News in Brief
SEWP contracts, RFP ghostwriting and national lab royalties
NASA serves up more SEWP
NASA awarded 118 contracts to small and disadvantaged businesses in the two final groups under its $20 billion Solutions for Enterprise-Wide Procurement V government wide acquisition contract.
The 118 contracts announced April 2 were for SEWP V's Groups B and C, for small and disadvantaged firms. The contracts went to 108 companies, with 10 winning in both groups.
Of the most recent SEWP V contracts awards, 14 were awarded to businesses operating in historically underutilized business zones, 25 went to business owned by service-disabled veterans, and 79 were awarded to other small businesses for server support or multi-functional devices.
The contracts are firm-fixed-price, indefinite delivery/indefinite quantity, with a $25 minimum per order of supplies or services, and a per contract maximum of $20 billion. Each contract will have an effective ordering period of 10 years, consisting of a five-year base period from May 1, 201, to April 30, 2020, and one five-year option to extend the period of performance through April 30, 2025.
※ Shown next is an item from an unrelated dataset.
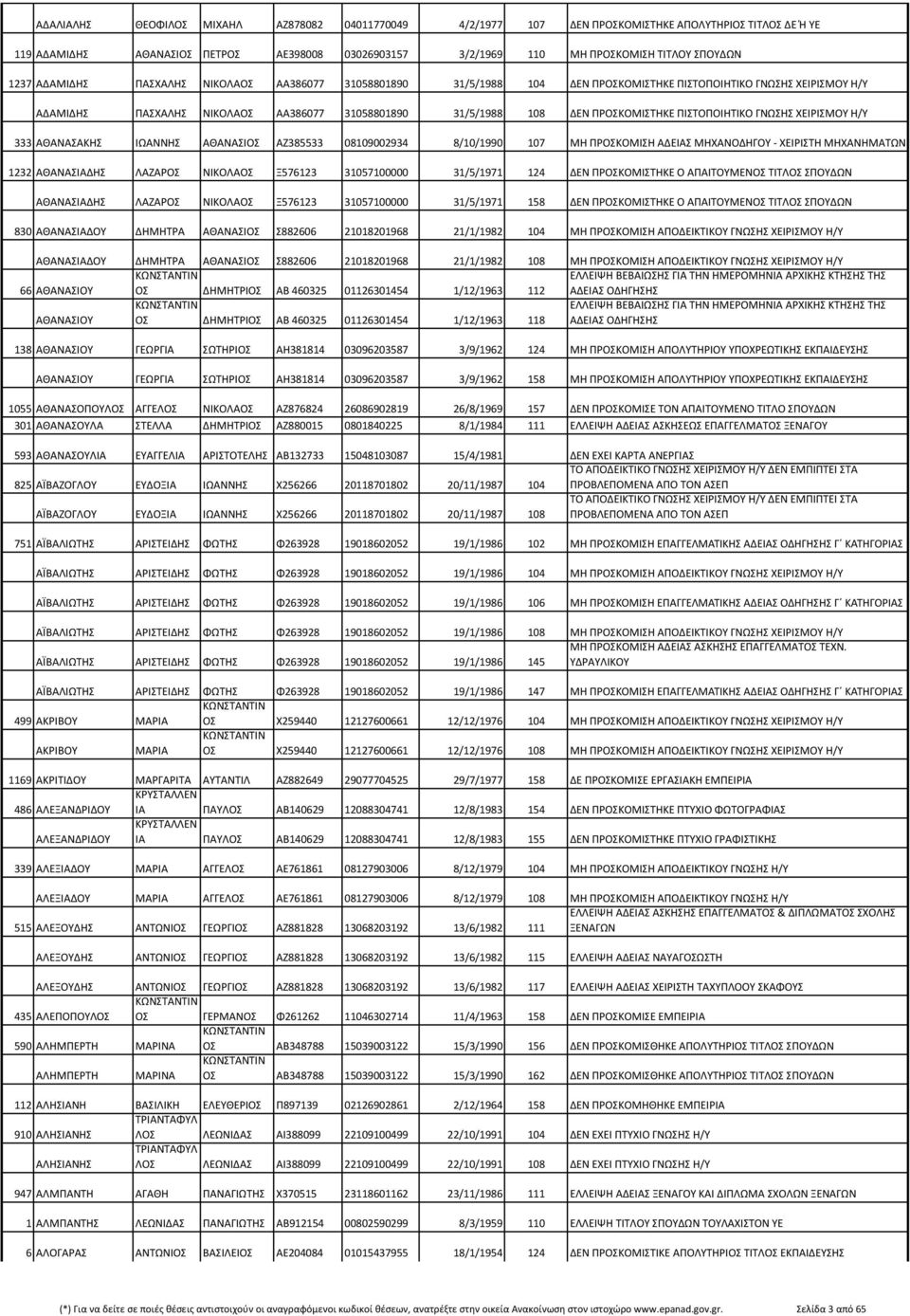 ΠΙΣΤΟΠΟΙΗΤΙΚΟ ΓΝΩΣΗΣ ΧΕΙΡΙΣΜΟΥ Η/Υ 333 ΑΘΑΝΑΣΑΚΗΣ ΙΩΑΝΝΗΣ ΑΘΑΝΑΣΙΟΣ ΑΖ385533 08109002934 8/10/1990 107 ΜΗ ΠΡΟΣΚΟΜΙΣΗ ΑΔΕΙΑΣ ΜΗΧΑΝΟΔΗΓΟΥ - ΧΕΙΡΙΣΤΗ ΜΗΧΑΝΗΜΑΤΩΝ 1232 ΑΘΑΝΑΣΙΑΔΗΣ ΛΑΖΑΡΟΣ ΝΙΚΟΛΑΟΣ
On March 25, SEWP announced 84 companies in the GWAC's Group A for systems/servers and computer-based systems, and 48 for the Group D category that includes networking, security, video and conferencing.
18F offers RFP ghostwriting
The General Services Administration's digital incubator has extended another helping hand to contracting personnel, offering RFP ghostwriting and review as a service to federal agencies.
Through the new service, GSA 18F team members Chris Cairns and Robert Read said in a blog post, 18F can leverage the experience of more than 70 designers, developers and product specialists to assist in writing and reviewing agency RFPs.
According to Cairns and Read, the service is available on a cost-reimbursable basis under the authority of the Economy Act. A simple interagency agreement is all that's required to make us of the service.
Lab's spectrometer tech royalties surpass $10 million
The Pacific Northwest National Laboratory's royalties on a suite of mass spectrometer technologies have topped $10 million, according to the facility and its operator, Battelle.
According to the lab, this marks the first time that income tied to a specific technology developed at PNNL has reached such a level. PNNL said the income was earned from multiple licenses over nearly a 20-year period, with the annual amount steadily increasing over the past five years.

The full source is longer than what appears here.